Easley, a former prosecutor, said law enforcement's greatest nightmare is to have the wrong person in jail.

"When a judicial system, as it must, has a procedural bar and says, 'OK, you can't go any further; you've appealed everything and then some,' and then some evidence comes to light later that could affect the case, it's just another safety valve you can look at," said Easley.

That safety valve isn't expected to empty state prisons. The eight-member commission is a four-year pilot program made up of a judge, prosecutor, victims' advocate, defense lawyer and sheriff.

"It's a whole different kind of animal that we're not used to," said Easley.

The commission is the final result of a 2002 study led by then-state Supreme Court Chief Justice L. Beverly Lake.

The panel is different from a courtroom, because inmates who want to be heard may be required to waive attorney-client privilege and could be forced to testify. While this is unusual, it's designed to offer those wrongly convicted hope that wasn't there before.

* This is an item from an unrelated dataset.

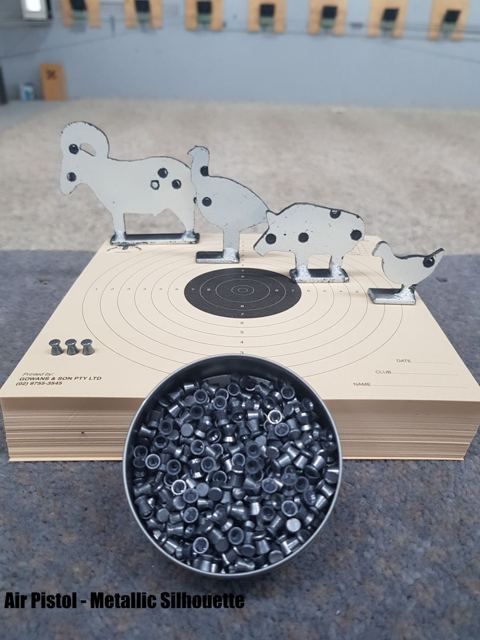 Air pistol silhouette targets on a 10 metre target card, with a tin of pellets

Darryl Hunt's case made headlines when he won his freedom in 2004. That freedom came after 11 appeals and 18 years in prison for crimes he didn't commit. The hope is that the new commission could prevent this from happening again.

While rare, Easley said he realizes some investigations are second-rate, and it's those cases that trouble him most.

"(Some) 18- to 19-year-old kids didn't have any money, got appointed a lawyer, went to court; (because of) poor investigation, nobody really knew what occurred. The jury had to make a decision, and then some evidence came to light later," he said.